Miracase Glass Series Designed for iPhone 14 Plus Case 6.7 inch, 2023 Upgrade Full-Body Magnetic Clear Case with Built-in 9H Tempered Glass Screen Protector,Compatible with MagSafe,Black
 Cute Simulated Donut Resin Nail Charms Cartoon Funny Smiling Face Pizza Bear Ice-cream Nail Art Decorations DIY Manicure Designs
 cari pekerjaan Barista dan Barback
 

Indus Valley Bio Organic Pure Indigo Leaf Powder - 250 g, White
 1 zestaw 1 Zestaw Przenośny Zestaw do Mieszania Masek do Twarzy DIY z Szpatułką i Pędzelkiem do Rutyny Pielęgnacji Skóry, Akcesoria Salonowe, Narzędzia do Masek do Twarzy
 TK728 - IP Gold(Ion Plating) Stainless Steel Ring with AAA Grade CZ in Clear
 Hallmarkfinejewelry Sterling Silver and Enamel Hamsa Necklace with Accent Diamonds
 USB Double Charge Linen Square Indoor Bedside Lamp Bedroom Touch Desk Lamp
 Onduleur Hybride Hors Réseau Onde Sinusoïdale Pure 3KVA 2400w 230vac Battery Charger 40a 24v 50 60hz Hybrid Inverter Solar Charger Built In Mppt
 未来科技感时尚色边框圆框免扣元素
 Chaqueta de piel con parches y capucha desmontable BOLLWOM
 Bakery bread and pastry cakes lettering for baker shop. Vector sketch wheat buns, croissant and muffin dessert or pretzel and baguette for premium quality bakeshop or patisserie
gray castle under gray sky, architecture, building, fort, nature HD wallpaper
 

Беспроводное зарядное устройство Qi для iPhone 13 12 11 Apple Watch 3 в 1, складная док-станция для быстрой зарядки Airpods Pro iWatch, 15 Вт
★ ★ ★ ★ ★ ★ ★
What needs to be done:
Retype the entries word for word.

Response to this exercise:
Miracase Glass Series Designed for iPhone 14 Plus Case 6.7 inch, 2023 Upgrade Full-Body Magnetic Clear Case with Built-in 9H Tempered Glass Screen Protector,Compatible with MagSafe,Black
 Cute Simulated Donut Resin Nail Charms Cartoon Funny Smiling Face Pizza Bear Ice-cream Nail Art Decorations DIY Manicure Designs
 cari pekerjaan Barista dan Barback
 

Indus Valley Bio Organic Pure Indigo Leaf Powder - 250 g, White
 1 zestaw 1 Zestaw Przenośny Zestaw do Mieszania Masek do Twarzy DIY z Szpatułką i Pędzelkiem do Rutyny Pielęgnacji Skóry, Akcesoria Salonowe, Narzędzia do Masek do Twarzy
 TK728 - IP Gold(Ion Plating) Stainless Steel Ring with AAA Grade CZ in Clear
 Hallmarkfinejewelry Sterling Silver and Enamel Hamsa Necklace with Accent Diamonds
 USB Double Charge Linen Square Indoor Bedside Lamp Bedroom Touch Desk Lamp
 Onduleur Hybride Hors Réseau Onde Sinusoïdale Pure 3KVA 2400w 230vac Battery Charger 40a 24v 50 60hz Hybrid Inverter Solar Charger Built In Mppt
 未来科技感时尚色边框圆框免扣元素
 Chaqueta de piel con parches y capucha desmontable BOLLWOM
 Bakery bread and pastry cakes lettering for baker shop. Vector sketch wheat buns, croissant and muffin dessert or pretzel and baguette for premium quality bakeshop or patisserie
gray castle under gray sky, architecture, building, fort, nature HD wallpaper
 

Беспроводное зарядное устройство Qi для iPhone 13 12 11 Apple Watch 3 в 1, складная док-станция для быстрой зарядки Airpods Pro iWatch, 15 Вт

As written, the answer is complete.